Understanding the Causes of Amyotrophic Lateral Sclerosis

Amyotrophic lateral sclerosis (ALS) is a human disease resulting from the degeneration of motor neurons in the brain, spinal cord, and peripheral nervous system. The resultant clinical features include weakness of the arms, legs, and face and difficulties with speech, swallowing, and breathing. ALS affects women and men, regardless of ancestry, and the risk of disease increases with age. Its clinical progression is one of the fastest of the neurodegenerative diseases, with death (often from respiratory failure) typically occurring within 3 to 5 years after onset. The incidence is approximately 2 per 100,000 persons per year, and the prevalence is approximately 6 per 100,000 persons.¹

(...) In this issue of the Journal, Dunckley et al.⁸ describe a genomewide association study of patients with ALS. The associations found in the first-pass analysis were confirmed in two additional series; 10 genetic loci were significantly associated with ALS in all three populations.

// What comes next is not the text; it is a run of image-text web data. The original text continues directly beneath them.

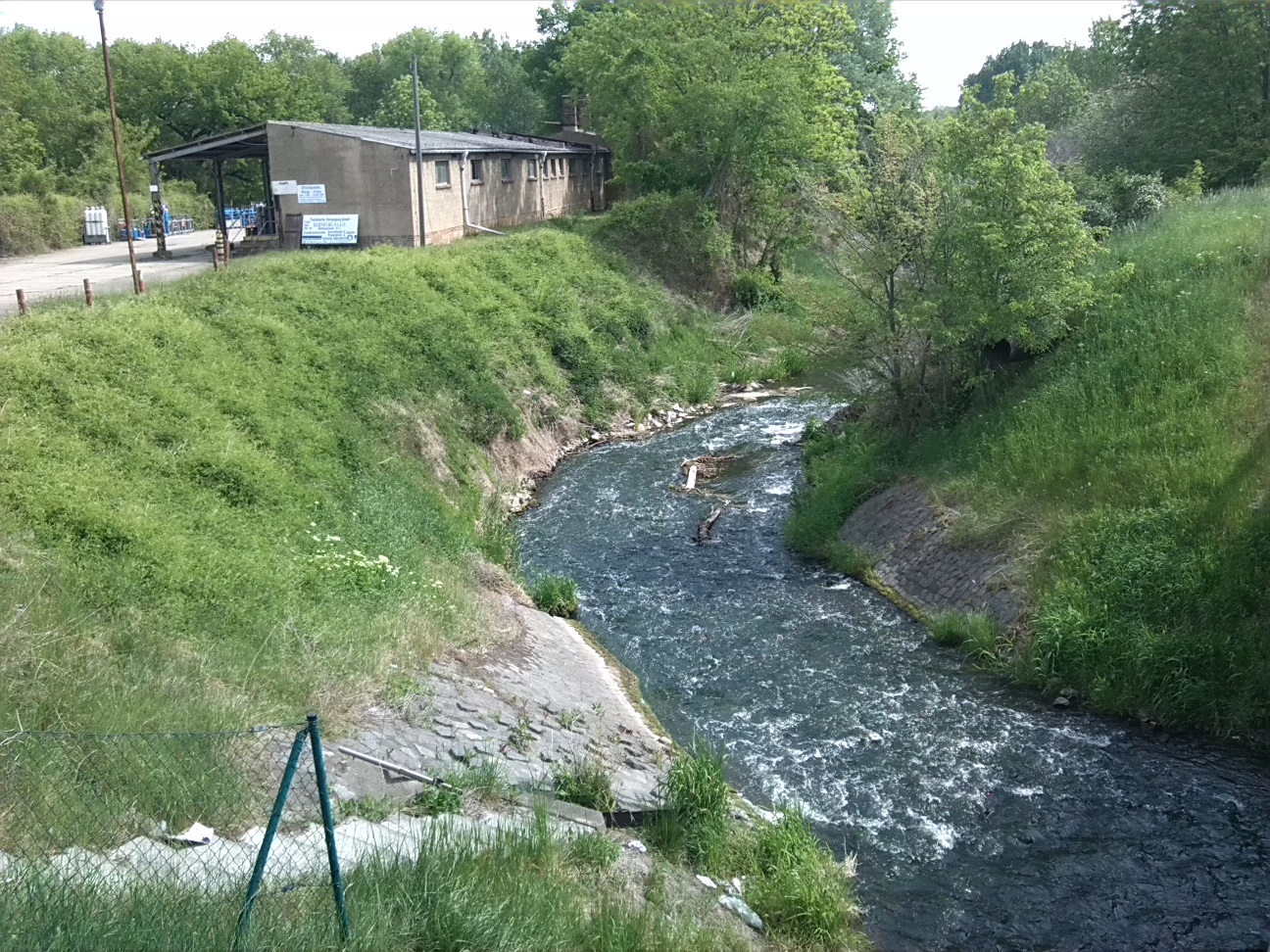 5a-Bernburg Brücke Köthensche Straße B185 Blick Fuhn Abwärts Nach Nordosten In Richtung Mündung IN Saale (1)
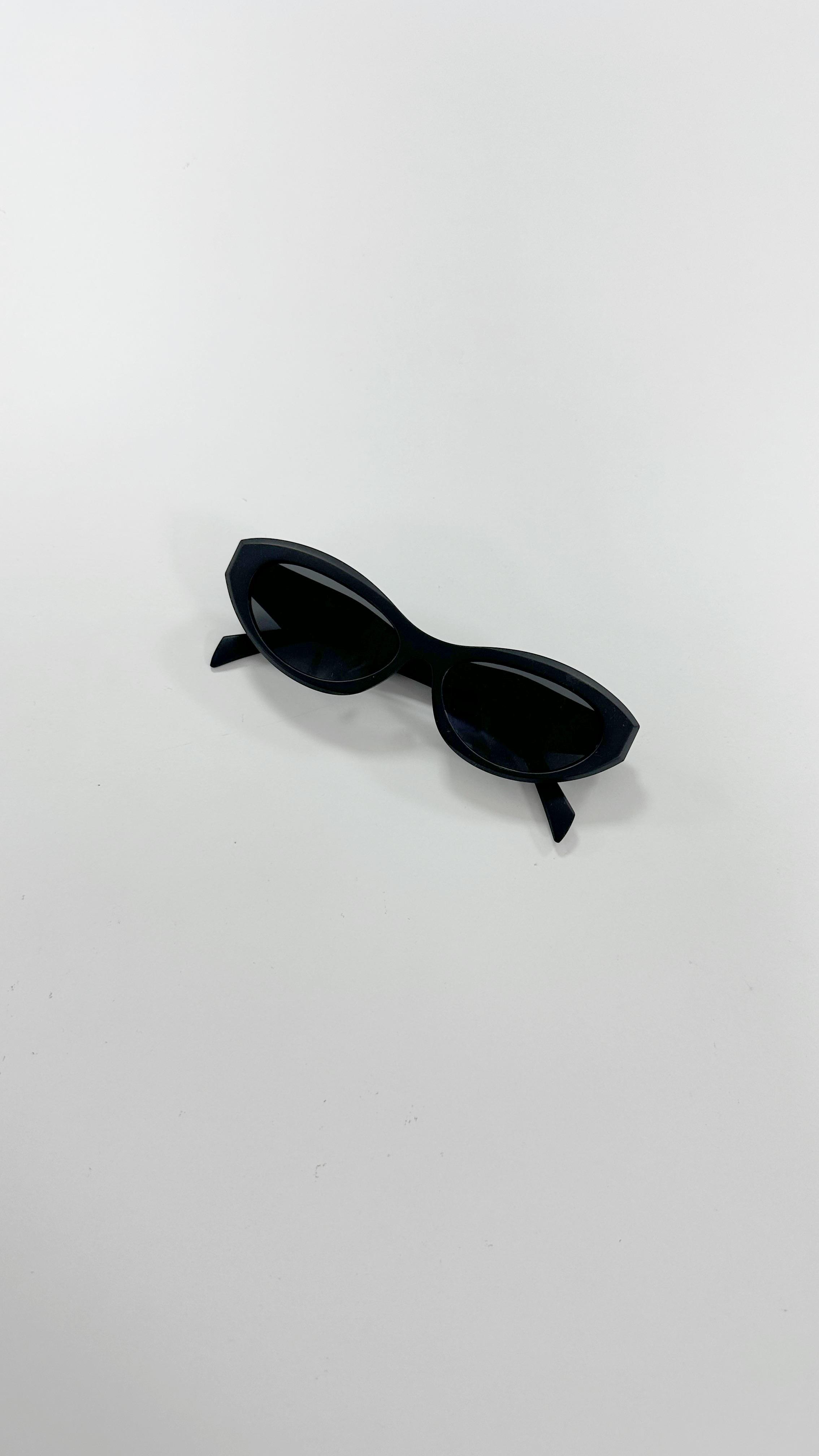Fano Unisex Oval Siyah Güneş Gözlüğü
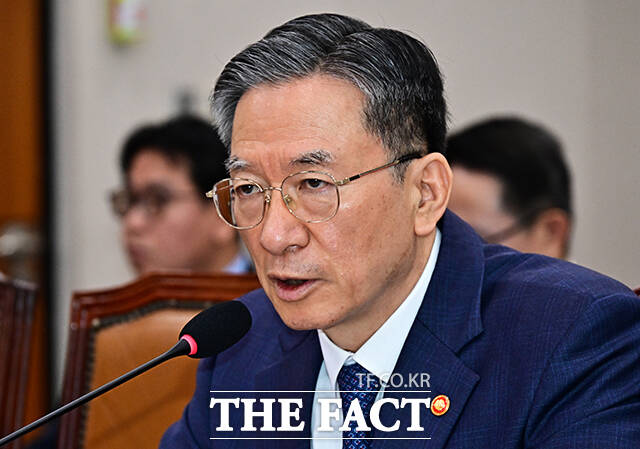 정성호 법무부 장관이 6일 오전 서울 여의도 국회에서 열린 법제사법위원회 전체회의에 출석해 밝은 표정으로 윤상현 국민의힘 의원과 인사를 하고 있다. /국회=배정한 기자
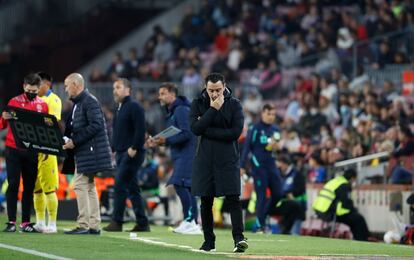 Xavi, durante el partido del Barcelona ante el Cádiz en el Camp Nou.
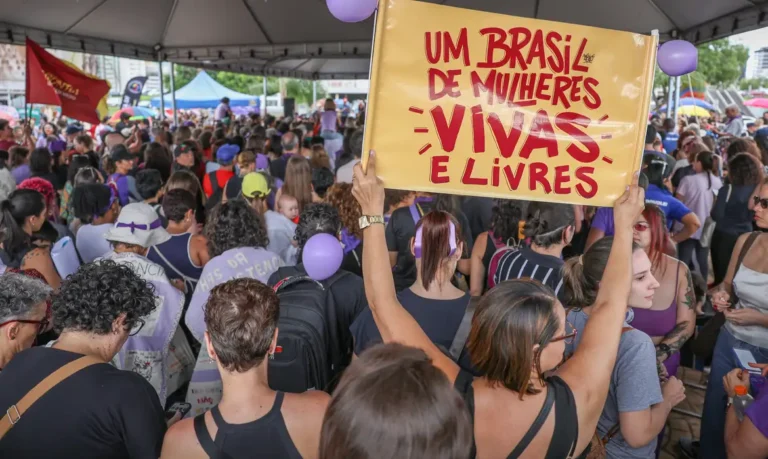 Autonomia financeira como prioridade entre mulheres no mercado de trabalho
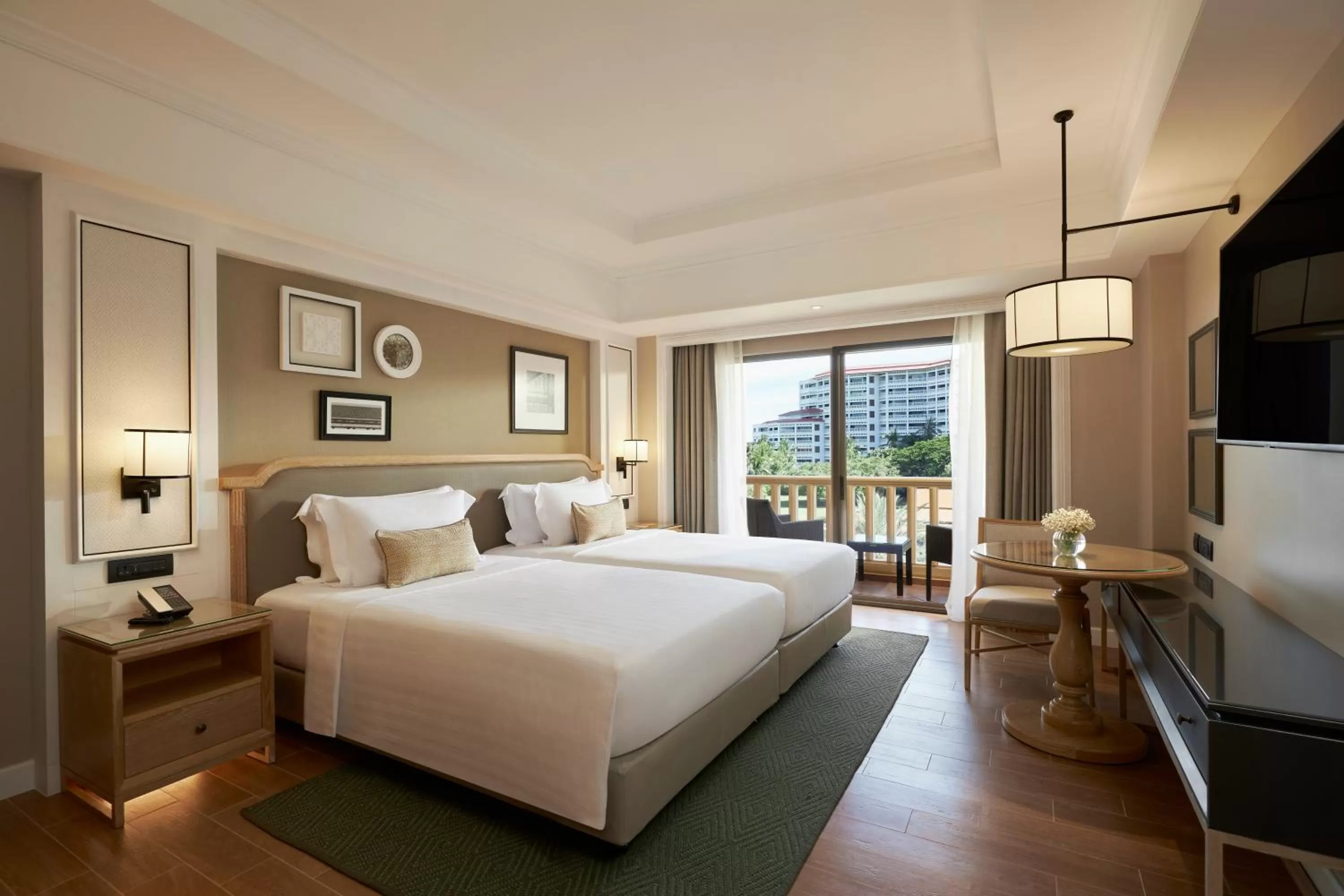 Deluxe Twin Room in Dusit Thani Hua Hin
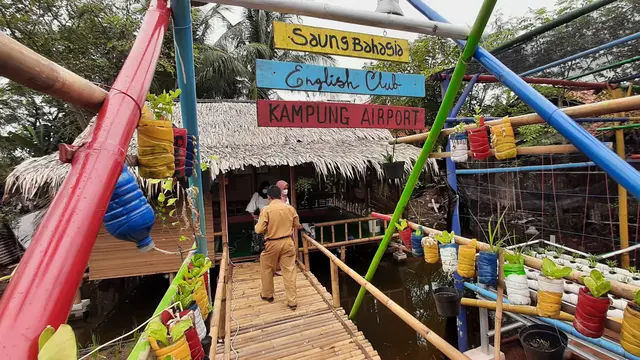 Kampung Airport yang berdampingan dengan Bandara Internasional Soekarno Hatta.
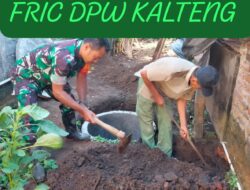 Wujud Kemanunggalan TNI, Babinsa Rejoso Gotong Royong Renovasi MCK Warga Binangun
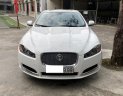 Jaguar XF 2012 - Màu trắng Ngọc Trinh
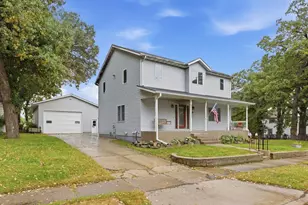 745 2nd St N, Brownton, MN 55312 - Photo 1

The most significant association was for a SNP near an uncharacterized gene on chromosome 1. Since the function and relevance of this gene in ALS is not known, the authors showed that the protein it encodes was expressed in spinal cord and non–neural tissue specimens from unaffected persons, as well as in spinal-cord specimens from patients with ALS. Perhaps this pathway, if validated in other studies, could lead to a new approach to treatment of ALS.